「懶惰の歌留多」太宰治 〜三十一歳は三十一歳だけのことしかない〜|読書感想文 #1
突然ですが、読書感想文を書いてみます。
最近読んだ、太宰治の「懶惰の歌留多」(らんだのかるた)から。
作家である「私」が、「怠惰」であることの言い訳をつらつらと述べるところから始まる「懶惰の歌留多」。
なかなか書き物が書けなくて、やけくそになって、いろはかるたの形式で少しずつ書き始めていく。
「に 憎まれて憎まれて強くなる。」の句の説明?にこんなことが書かれています。
私も今年三十一歳になる。
自分が三十一歳にふさわしいほどに成長できているのか、自分はアダルトチルドレンで、心が成長できていなくて、まだまだ子供っぽいところがあるよなと思っていた。

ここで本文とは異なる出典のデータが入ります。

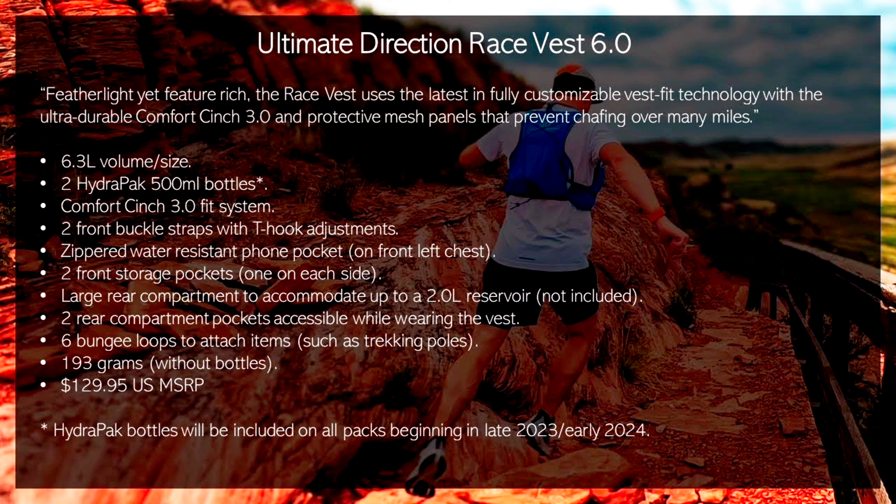Ultimate Direction states that the Race Vest 6.0 is feather light yet feature rich. It uses the latest fully customizable vest fit technology with the ultra durable Comfort Cinch 3.0 and protective mesh panels that prevent chafing over many miles. Features and specs include 6.3L in volume, two Hydropac 500ml bottles, Comfort Cinch 3.0 fit system, two front buckle straps with T-hook adjustments, a zippered water-resistant phone pocket, two front storage pockets, a large rear compartment accommodating up to a 2L reservoir, two rear compartment pockets accessible while wearing the vest, six bungee loops for attaching items such as trekking poles, weighs 193 grams without the bottles, and has a US MSRP of $129.95.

友達は結婚している人も多くて、職場では年齢が近い人が役職についている。
自分はそんなふうに次のステージに進むにふさわしいのだろうかと考えていた。
職場は辞めるほど嫌ではない。
けれど、転職した人も多くて、果たして私はここで一生働いていくんだろうか。
自分の人生このままでいいんだろうか。
自分らしく行きていけるんだろうか。
漠然とした不安を抱えていた。
背伸びしないといけないような気がしていた。
太宰の文章でいうと、
「戦争と平和や、カラマゾフの兄弟」を書かなきゃいけないような気がしていた。
そんなところに、太宰は「やはり、三十一歳は、三十一歳だけのことしかないのである」と言ってくれた。
なんだかホッとした。
そうだ、三十一歳は三十一歳であること以外に何も意味を持たないのだ。
年齢はただの数字だ。
三十一歳=結婚、会社で役職につくこと、自分という何かを形作らないといけないこと、ではない。
この1つのフレーズから、あたりまえのことに気付かされた。
そのあとは、こんなふうに続く。
そうだ、「戦争と平和は、私にはまだ書けない」のだ。
ただそれだけのことなのだ。
勝手に自分の「三十一歳の姿」を作り上げている。
そこに達していない自分を責めている。
「三十一歳は、三十一歳みたいに書くより他に仕方が無い。それが一ばんいいのだと思っている」
それでいいのだ、ではなく、それ「が」一番いいのだ。
いろいろ気にせず、「でも、もういい。」と思ってみるのだ。
太宰の言葉を味わうと、自分に少し正直になれる気がする。